Silent Generation, born between 1925-1942, ages 74-91
A portion of the "Silent" group utilizes e-mail and not much more.
Baby Boomer, born 1943-1960, ages 56-73
The younger "Boomers" are valiantly learning to stay relevant and represent the upper portion of the 35-64 demographic and beyond. Radio is still the first choice, but new media has intrigued this group and become part of their world. In the '90s, they contributed heavily to the tech stock boom.
Generation X, born 1961-1981, ages 35-55
Has some Boomer factor and the older portion shared in the tech revolution; radio is still a choice. Current formats appealing to this generation will have to maintain an audience by reflecting actual lifestyle and musical tastes. President Obama just released another Summertime Music playlist on Spotify; in 2008; it was his iPod list. His musical taste and media usage has evolved. He is not the only "X" that has Hip-Hop, Rock and AC as part of his listening. Many in this group have taken on the task of utilizing all the new shiny technology and media toys.
Generation Y, born 1982-2000, ages 16-34
Most have grown up with computers, blogs, podcasts, MySpace, Blackberrys, Twitter, Macs, chat rooms, MTV, VH1, BET, P2Ps, SiriusXM, Music Choice, Cable TV, YouTube, ESPN, Smart Phones, LinkedIn, iPods and Facebook. This group has an ongoing challenge of keeping up with new change. Radio is used as a last resort rather than a first choice. Instead of a new music fad, the Y generation received new audio and communication delivery systems; watches TV on the computer but still watches some traditional TV sets. Ys represent radio's version of "Custer's Last Stand" ... and will be the determining factor for the fate and future of the industry. The older end at 34-years-old is becoming the oldster. This is the generation given trophies in their youth for merely showing up for competitive events. Ys are the most advertising targeted generation.

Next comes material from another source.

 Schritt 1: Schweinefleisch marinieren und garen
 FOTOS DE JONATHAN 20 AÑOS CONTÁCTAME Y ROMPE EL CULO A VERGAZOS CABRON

Generation Z, born 2001-2021, age 6-
They will probably use traditional radio as a paperweight and only listen if the X and Y parents expose them to it. This is the generation that will text each other while sitting on the same couch. This generation, raised on smartphones, distrusts e-mail, loves Snapchat, Pandora, Spotify, Shazam, Vine, Instagram, streaming, a lot of weekly video posting, downloading, emojis instead of words, Periscope, video games as a lifestyle, message apps, and social media has a huge impact on who they are. This group will grow up with connected cars.
No Broad Brush Stokes
It is also important not to apply broad sweeping generalization to an entire group; usually it's the majority of the core audience, but not everyone. The generational lifestyle has a direct effect on the ways audio media is used
Xs ... Ys ... And Boomers
The generational lifestyle has a direct effect on the ways audio media is used. The work force is now dominated by Xs and Ys, with many Boomers still active and relevant in numerous areas. The Xs and Ys are currently in charge of most workplace listening; malls, super-retail outlets, and services providing music to businesses. With some adjustments, traditional radio can hold on to the aforementioned generations. However, in order for industry growth with younger Xs, the Ys, and the Z generations, there is a need for creative, technological and social application restructuring.
Know The Past For The Future
It is important to understand the generations and how things are continually affecting traditional transmitter-based radio. Both Microsoft's Bill Gates and the late Steve Jobs of Apple fame are responsible for revolutionizing communications; both are Baby Boomers born in 1955. Interesting to note; Facebook's Mark Zuckerberg is Generation Y (born 1984), Google co- creators Larry Page and Sergey Brin are Generation X (both born 1973), Instagram co-creators Kevin Systrom and Michel "Mike" Krieger are Y Generation (born 1983 and 1986), and Snapchat co-creator Evan Spiegel is Y Generation (born 1990).
Find a way to stay on top or you will outdate yourself and become one of those people who are mad because nothing stayed the same. Tradition is forever changing.